Affective systems in VR involve developing at least two components: an emotion detection technique and a virtual environment generator [4].
Our contribution considers combining machine learning models to predict speech emotion from semantic and acoustic features. Text and speech emotion predictions are mapped into an audiovisual 3D environment represented with spheres encoding each user's experience (see Figure 1).
The user interface (UI) presented in figure 2 comprises a head-mounted display and two joysticks. The HMD is equipped with a lens, headphones, and a microphone. The device is connected to a Central Unit (CPU) where speech is processed. The UI also proposes publicly sharing a stream (on a screen or a projection) with the user's point of view. When there is no activity, the stream shows a preselected recorded performance.
Figure 3 shows the architecture of our system. It includes two main modules responsible for the speech emotion recognition system and the affective virtual environment generation.
We use Microsoft’s speech recognition application programming interface (API) to transfer speech-to-text. The semantic sentiment analysis of words or sentences uttered is classified as positive, negative, or neutral. The classifier uses the Rocchio Algorithm[5], implementing a word weighting method. Each of the three classes trains the algorithm with 100 annotated tweets. We propose a supervised machine-learning model for the acoustic counterpart to classify moods from the audio clips saved. To train the model, we use three datasets: a spontaneous SER database, a professionally acted database, and a non-verbal corpus containing annotated audio clips divided into four main emotional categories – neutral, happy, angry, and sad. A combination of acoustic features are extracted to train the model under a multilayer perceptron classifier. The semantic sentiment analysis and the acoustic machine learning models are merged to produce one of four predicted emotion categories. Predictions carried out are then encoded into a 3D virtual environment presented through a HMD.

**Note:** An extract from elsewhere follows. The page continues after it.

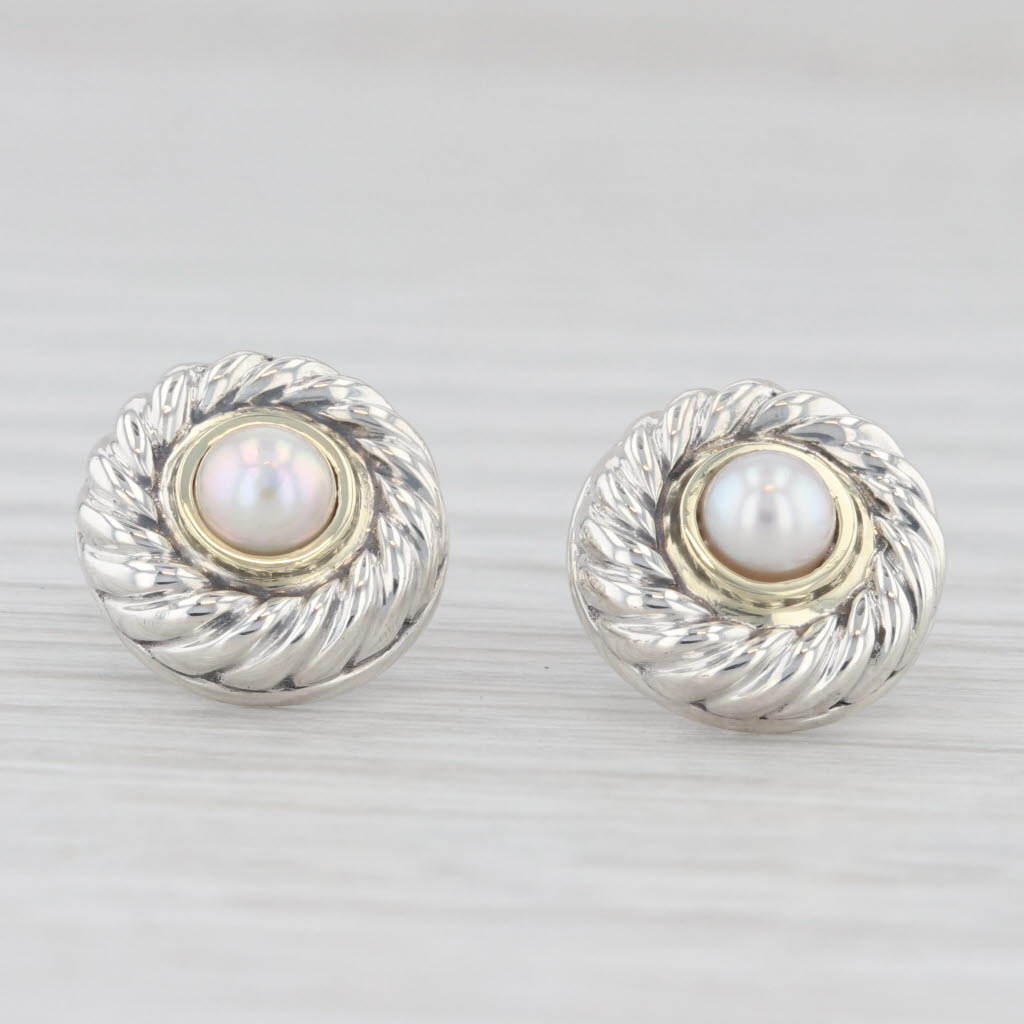 Light Gray David Yurman Cookie Cultured Pearl Stud Earrings Sterling Silver 14k Gold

To transfer speech emotion to music, we use a computational model to create chord progressions based on consonance and harmonic dispersion (i.e,distance-to-key) in the Tonal Interval Space [6]. The graphical environment is built using a text-to-image API provided by Scott Ellison Reed from DeepAI. This image is scaled and used as a style transferred over the texture of an equirectangular projection of a spherical panorama chosen for each emotional category. The goal is to synthesize a texture from a source image while constraining the texture synthesis to preserve the semantic content of a target image. The artistic result is an immersive virtual space encapsulating emotions in spheres disposed into a 3D world. Users can create new affective representations or interact with other previously encoded environments using the joysticks (see video).
Devices | Carried/Required |
Computer: Minimum Requirements.
| Carried |
Microphone | Carried |
VR HMD | Carried |
Public Streaming Minimum Requirements.
| Required |
The system requires a stable connection to the Internet to carry out the process.